I expect children to behave responsibly and to avoid using their phones in my lesson as it is not polite. If I see one, in accordance with the school’s policy, I will ask for it to be put away and explain why it isn’t appropriate. However, there have been times when I have deliberately asked for students to use their mobile phones in a lesson. Studying spoken language in English Language GCSE sometimes requires the use of a voice recorder to record conversations. Lots of students don’t know where that is on their phone and I show them because it is a tool they can use to succeed in their education. Believe it or not, when asked to put phones away at the end of the task, students have done it without fuss.

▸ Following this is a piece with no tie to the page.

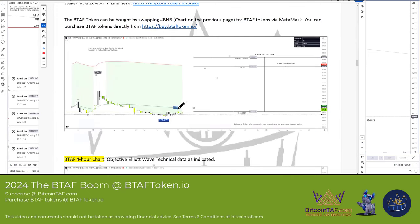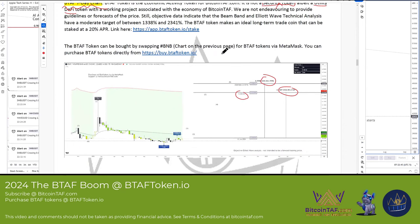The upward projection that we see according to objective analysis, when you use the beam band and the 1.618 FIB, you're looking at about 1,338% up to about 2,341%. You can literally go and buy the BTAF token directly on the website — you don't have to go through an exchange. You can hold it in your MetaMask, or you can go and stake it and get a 20% APR.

On a wider scale, the child who has used technology to facilitate their education and is comfortable with it could be seen as a step ahead of a child that has never had that experience. Techno-literacy is now just as important as basic reading and writing, particularly in a world where competition for jobs is fierce. The business world has long bemoaned the lack of basic skills in students, resulting in ‘remedial’ classes for young employees. However, the most common form of training provided to young people in business is in IT, according to the CBI/Pearson Education and Skills Survey. Perhaps this goes some way in showing that we have not spent enough time training our young people to use technologies they will need later in life, precisely because of a snobbery about which kind of literacy is more important. We don’t live in a world in which the three Rs will get you a job immediately. Our young people need techno-literacy to compete and this might just be part of our job as teachers now.
In the next two weeks, I will be teaching one of my English classes about non-fiction and media by asking them to create a documentary, using their mobiles phones to film interviews and to take pictures. I will trust them to use their phones sensibly by reminding them of the consequences of inappropriate use. I will use technology to facilitate the writing of explanation in the form of ‘voiceovers’, which they will record on their phones and save on a memory stick. I know that writing improves when it is relevant to a child’s life and has a real life context, so why would I shy away from using this vital piece of equipment that all of my students have?
And before you ask, no – I am not wearing either tie-dye or sandals.